**What the task asks:** Each entry must be reproduced precisely as it stands.

───── Supplied data

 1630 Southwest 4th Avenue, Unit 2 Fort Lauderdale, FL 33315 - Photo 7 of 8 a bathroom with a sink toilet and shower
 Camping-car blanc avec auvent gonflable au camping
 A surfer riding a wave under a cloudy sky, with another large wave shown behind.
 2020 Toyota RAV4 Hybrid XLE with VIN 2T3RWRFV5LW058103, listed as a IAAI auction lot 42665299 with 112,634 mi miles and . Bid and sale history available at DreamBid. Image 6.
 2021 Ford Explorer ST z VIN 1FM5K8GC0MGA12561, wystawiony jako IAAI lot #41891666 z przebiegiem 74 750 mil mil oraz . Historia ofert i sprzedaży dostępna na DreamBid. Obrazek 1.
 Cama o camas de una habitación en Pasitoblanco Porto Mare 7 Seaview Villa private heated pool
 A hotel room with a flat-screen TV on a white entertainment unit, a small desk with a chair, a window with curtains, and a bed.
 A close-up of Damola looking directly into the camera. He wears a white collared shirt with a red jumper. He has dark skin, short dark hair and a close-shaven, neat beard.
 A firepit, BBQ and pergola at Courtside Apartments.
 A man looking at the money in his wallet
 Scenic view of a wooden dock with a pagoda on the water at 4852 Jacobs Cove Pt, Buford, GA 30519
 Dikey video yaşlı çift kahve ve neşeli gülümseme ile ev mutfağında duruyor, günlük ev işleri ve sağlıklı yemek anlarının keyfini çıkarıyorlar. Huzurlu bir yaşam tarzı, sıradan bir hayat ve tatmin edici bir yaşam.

──────────

**Exercise output:**
 1630 Southwest 4th Avenue, Unit 2 Fort Lauderdale, FL 33315 - Photo 7 of 8 a bathroom with a sink toilet and shower
 Camping-car blanc avec auvent gonflable au camping
 A surfer riding a wave under a cloudy sky, with another large wave shown behind.
 2020 Toyota RAV4 Hybrid XLE with VIN 2T3RWRFV5LW058103, listed as a IAAI auction lot 42665299 with 112,634 mi miles and . Bid and sale history available at DreamBid. Image 6.
 2021 Ford Explorer ST z VIN 1FM5K8GC0MGA12561, wystawiony jako IAAI lot #41891666 z przebiegiem 74 750 mil mil oraz . Historia ofert i sprzedaży dostępna na DreamBid. Obrazek 1.
 Cama o camas de una habitación en Pasitoblanco Porto Mare 7 Seaview Villa private heated pool
 A hotel room with a flat-screen TV on a white entertainment unit, a small desk with a chair, a window with curtains, and a bed.
 A close-up of Damola looking directly into the camera. He wears a white collared shirt with a red jumper. He has dark skin, short dark hair and a close-shaven, neat beard.
 A firepit, BBQ and pergola at Courtside Apartments.
 A man looking at the money in his wallet
 Scenic view of a wooden dock with a pagoda on the water at 4852 Jacobs Cove Pt, Buford, GA 30519
 Dikey video yaşlı çift kahve ve neşeli gülümseme ile ev mutfağında duruyor, günlük ev işleri ve sağlıklı yemek anlarının keyfini çıkarıyorlar. Huzurlu bir yaşam tarzı, sıradan bir hayat ve tatmin edici bir yaşam.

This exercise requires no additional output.